Dataset section:
+++
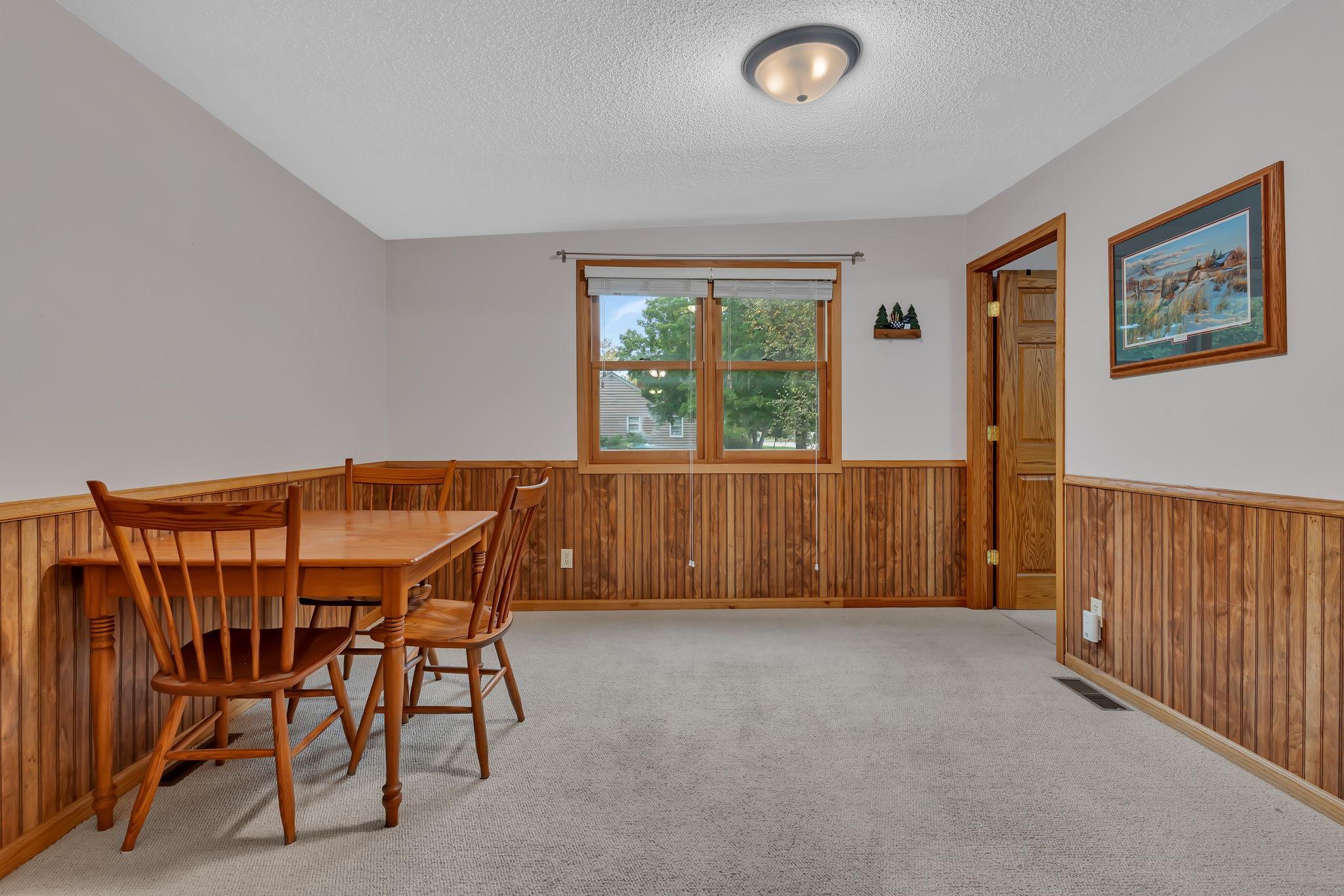 212 21st Street S Property Photo 6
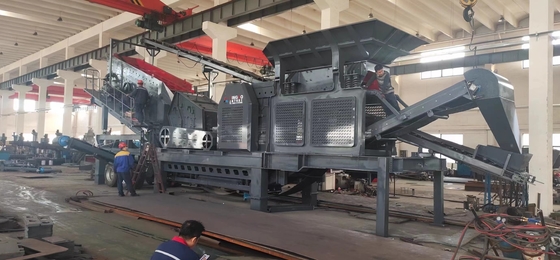 Machine de concassage à impact de granit mobile 100 T/H Demande personnalisée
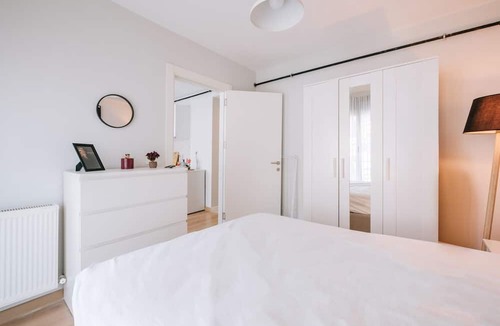 Moda Apartment | Chic Flat w Balcony 5 min to Moda Coast in Kadikoy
+++
What this task involves: From the line containing "Machine de concassage" to the last line of the listing above, transcribe each line exactly, skipping the pictures.

Result below:
 Machine de concassage à impact de granit mobile 100 T/H Demande personnalisée
 Moda Apartment | Chic Flat w Balcony 5 min to Moda Coast in Kadikoy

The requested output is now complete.